Material supplied –

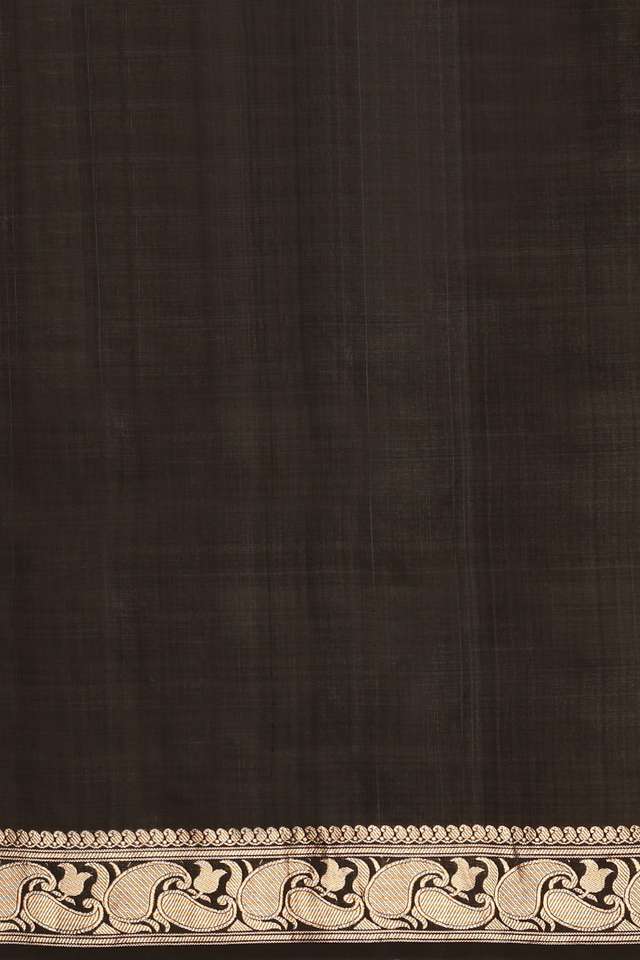 Black Silk Viscose Woven Saree thumbnail image number null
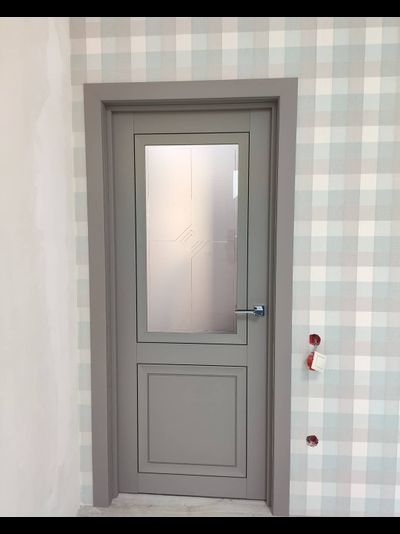 ДВЕРНАЯ ЛИНИЯ. ДЕКАНТО. SOFT TOUCH СЕРЫЙ БАРХАТ/ САТИН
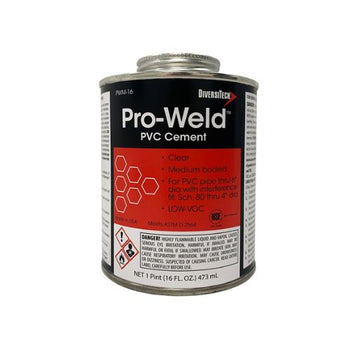 128 oz Premium Heavy Duty PVC Pipe Cement For Electrical Applications Clear PWM-G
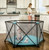 Regalo My Portable Play Yard Indoor And Outdoor, Washable, Aqua, 6-panel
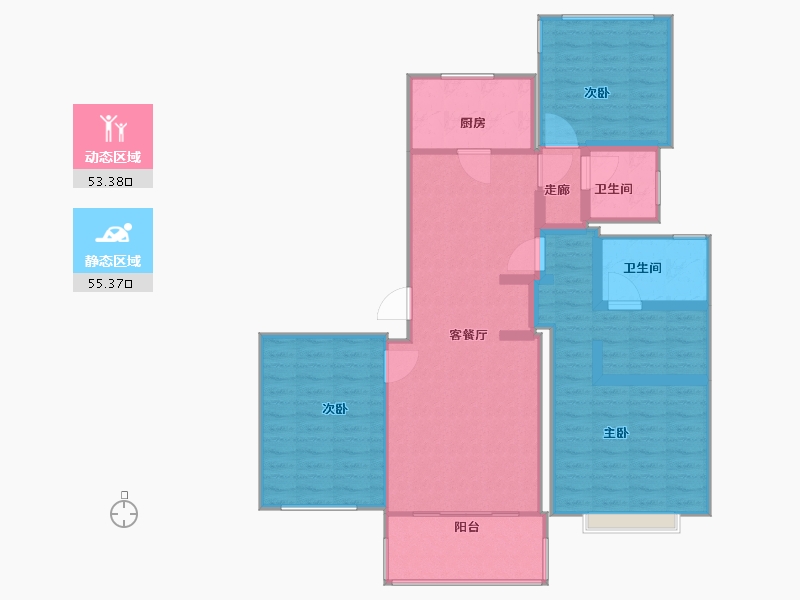 江苏省-南京市-雍宁府-100.00-户型库-动静分区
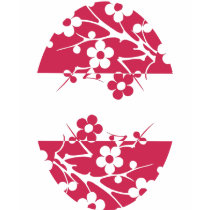 Dark Pink Floral Oval t-shirts by easeandgrace Dark Pink Floral Oval t-shirts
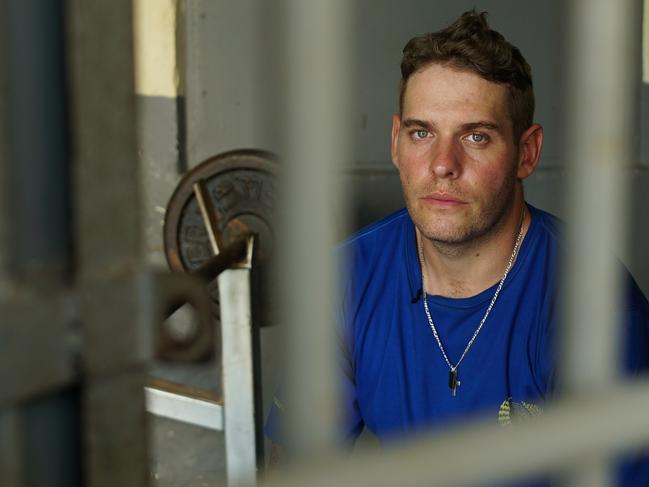 Matthew Norman is in Bali’s Kerobokan Prison. Picture: Phil Hemingway/Foreign Correspondent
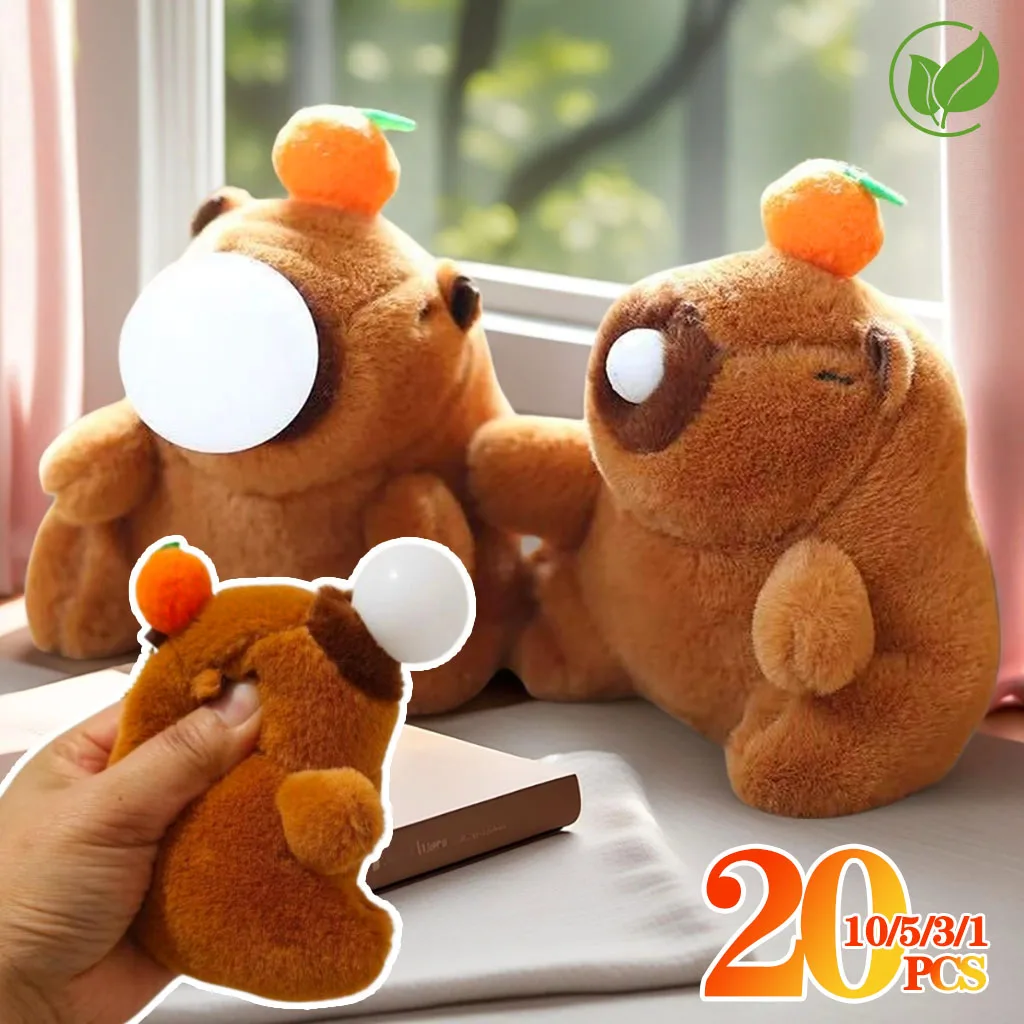 1-20PCS Plush Persimmon Wagging Tail Capybara Key Pendant Cute Plush Keychain Plush Doll Toy Schoolbag Pendant Gift Pendant
1-20PCS Plush Persimmon Wagging Tail Capybara Key Pendant Cute Plush Keychain Plush Doll Toy Schoolbag Pendant Gift Pendant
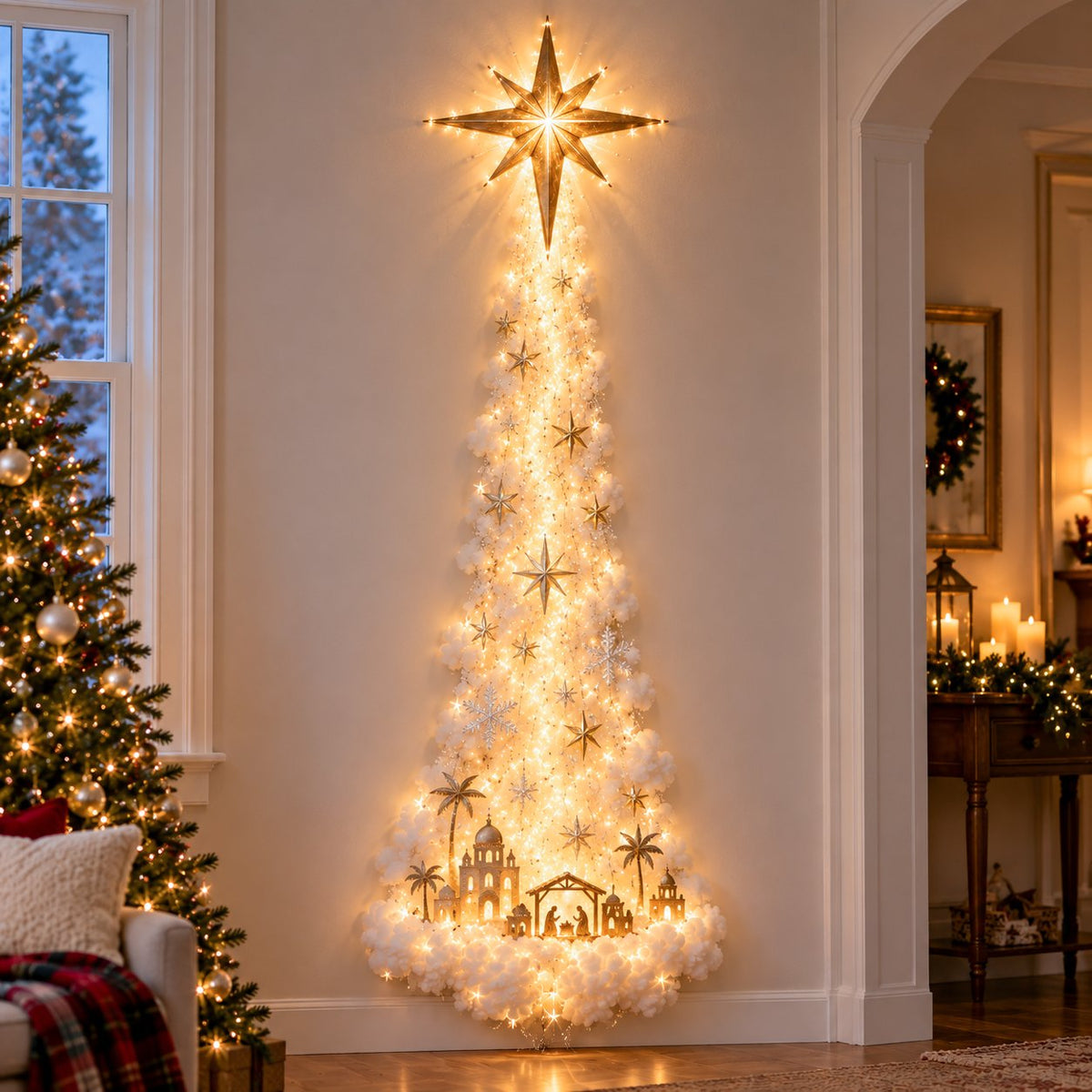 ✨Kerstmagie wandlamp - Een vleugje kerstmagie direct aan je muur✨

Your instructions – Reprint the listing above exactly, without images.

The completed task –
 Black Silk Viscose Woven Saree thumbnail image number null
 ДВЕРНАЯ ЛИНИЯ. ДЕКАНТО. SOFT TOUCH СЕРЫЙ БАРХАТ/ САТИН
 128 oz Premium Heavy Duty PVC Pipe Cement For Electrical Applications Clear PWM-G
 Regalo My Portable Play Yard Indoor And Outdoor, Washable, Aqua, 6-panel
 江苏省-南京市-雍宁府-100.00-户型库-动静分区
 Dark Pink Floral Oval t-shirts by easeandgrace Dark Pink Floral Oval t-shirts
 Matthew Norman is in Bali’s Kerobokan Prison. Picture: Phil Hemingway/Foreign Correspondent
 1-20PCS Plush Persimmon Wagging Tail Capybara Key Pendant Cute Plush Keychain Plush Doll Toy Schoolbag Pendant Gift Pendant
1-20PCS Plush Persimmon Wagging Tail Capybara Key Pendant Cute Plush Keychain Plush Doll Toy Schoolbag Pendant Gift Pendant
 ✨Kerstmagie wandlamp - Een vleugje kerstmagie direct aan je muur✨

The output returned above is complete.